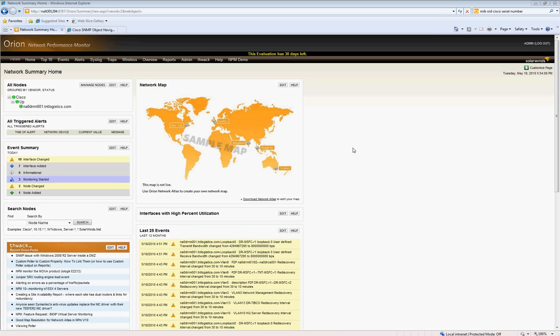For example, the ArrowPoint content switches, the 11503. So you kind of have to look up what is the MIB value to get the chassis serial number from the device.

———

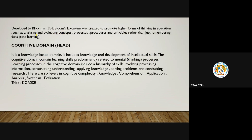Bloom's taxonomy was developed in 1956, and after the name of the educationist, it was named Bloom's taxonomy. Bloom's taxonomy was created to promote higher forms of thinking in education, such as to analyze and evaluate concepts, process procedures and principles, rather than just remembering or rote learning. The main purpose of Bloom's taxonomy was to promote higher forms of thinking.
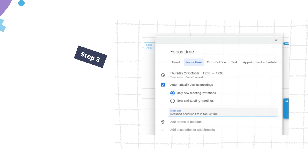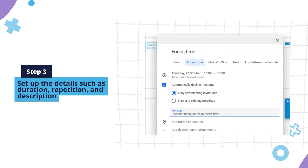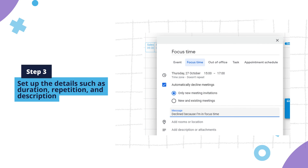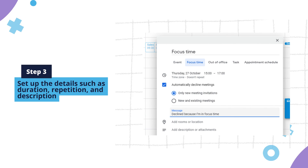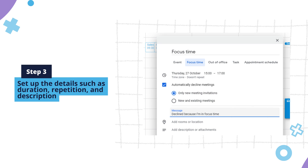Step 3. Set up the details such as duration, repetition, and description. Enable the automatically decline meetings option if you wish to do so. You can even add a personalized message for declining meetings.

———

Write out exactly the lines above between the one with "Bloom's taxonomy was developed" and the one with "Step 3. Set", inclusive, with pictures left out.

## Worked solution
Bloom's taxonomy was developed in 1956, and after the name of the educationist, it was named Bloom's taxonomy. Bloom's taxonomy was created to promote higher forms of thinking in education, such as to analyze and evaluate concepts, process procedures and principles, rather than just remembering or rote learning. The main purpose of Bloom's taxonomy was to promote higher forms of thinking.
Step 3. Set up the details such as duration, repetition, and description. Enable the automatically decline meetings option if you wish to do so. You can even add a personalized message for declining meetings.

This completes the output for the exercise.